The Construction Contracts Act 2013 provides for the establishment of a panel of adjudicators and, last week, the Chairperson of the Ministerial Panel of Adjudicators, Dr Nael Bunni, published his third annual report. The Chairman’s reports provide a very helpful insight for the sector. It is clear, for example, that there is an upward trend each year in the number of applications for appointment of an adjudicator, with the past year seeing a nearly three-fold increase on the previous year.
As the experience of adjudication in Ireland grows it’s a good time to consider what we’ve learned, and we intend to look at the Irish experience so far later in this series of articles. However, to kick off, we begin by looking at questions of scope, starting with a review of the right to adjudicate and the meaning of “construction contracts”. Over the course of the full six part series we’ll visit the following topics:

  • the right to adjudicate and the meaning of “construction contracts”;
  • when a dispute is – or is not – a dispute;
  • the impact of the Constitution and adjudication on procedure in Ireland;
  • how the Construction Contracts Act 2013 impacts contracts;
  • adjudication – the Irish experience so far; and
  • adjudication – a comparative perspective.

How far does the right to adjudicate go under the Construction Contracts Act 2013?

The Construction Contracts Act 2013 entitles parties to construction contracts to avail of adjudication, a fast and cost-effective way to deal with “disputes relating to payment”. This article looks at the question of whether some of the side agreements commonly seen in construction deals are “construction contracts” for the purposes of this Act.

Whether an agreement comes within the definition of “construction contracts” as defined by the Construction Contracts Act 2013 (the “Act”) can affect whether the parties to the contract have a right to resolve payment disputes though adjudication. Examples of “construction contracts” are typically, say, a design & build or traditional contract between an employer and contractor, consultant appointments, and any sub-contracts. This makes sense if you consider that a main aim of the Act was to improve cash flows and payment dispute resolution in the construction sector. However there are a range of other agreements in construction deals and the question may arise as to whether these too are “construction contracts”. The answer can have a significant impact on parties’ rights and obligations. If there is ambiguity over whether a dispute arises from a “construction contract”, a party unwilling to agree payment could argue that there is no right of referral to adjudication; or a party dissatisfied with an adjudicator’s decision could seek to have it overturned on grounds that the adjudicator lacked jurisdiction (provided, of course, such a position had been maintained throughout the adjudication process). While this is a fairly new area, and there are, as yet, no court decisions on the Act, similar legislative provisions have existed in the UK for some time and commentary from the UK High Court (the Technology and Construction Court) can provide insight into judicial problem solving in a commercial landscape similar to our own.

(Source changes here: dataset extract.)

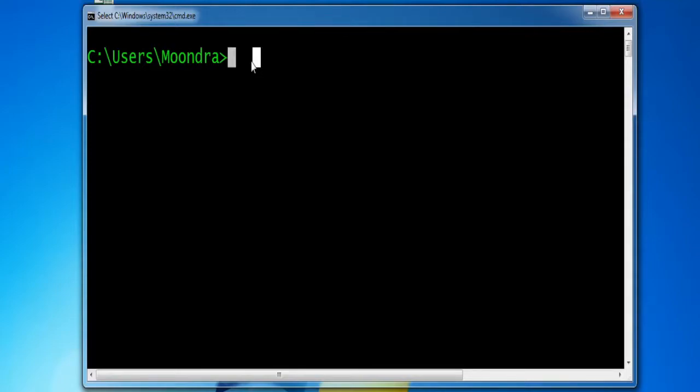In this video we'll be going over how to output to a text file, outputting a text file in command prompt, as well as opening files with their corresponding software. Last video we went over changing directories, using the DIR command, and using a wildcard to find certain types of files or a specific file. This video will be mainly about outputting.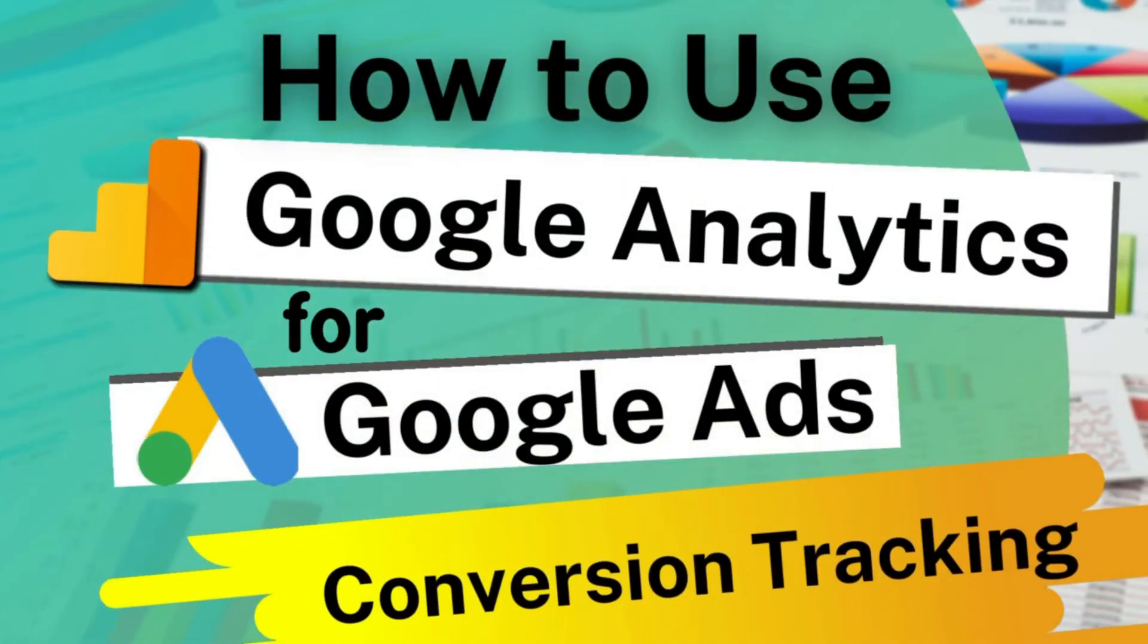Want to track the performance of your Google Ads campaigns and start seeing what happens after people interact with your ads, like making a purchase or signing up for your newsletter? Well, stick around and we'll show you how.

Can collateral warranties be “construction contracts”?

First, let’s look at the Act’s definition of “construction contract”. It’s an “an agreement … between an executing party and another party, where the executing party is engaged for any one or more of the following activities: (a) carrying out construction operations … (b) arranging for the carrying out of construction operations … whether under subcontract … or otherwise; (c) providing the executing party’s own labour, or the labour of others, for the carrying out of construction operations”. “Construction operations” then also gets a lengthy definition as “any activity associated with construction, including operations of any one or more of the following descriptions …” and seven types of operations are described. The Act further provides that “references to a construction contract include an agreement … to do work or provide services ancillary to the construction contract…”. So the definition is broad in scope, and similar to the definition in the UK’s Housing Grants, Construction and Regeneration Act 1996 (the “UK Act”), which covers similar adjudication territory.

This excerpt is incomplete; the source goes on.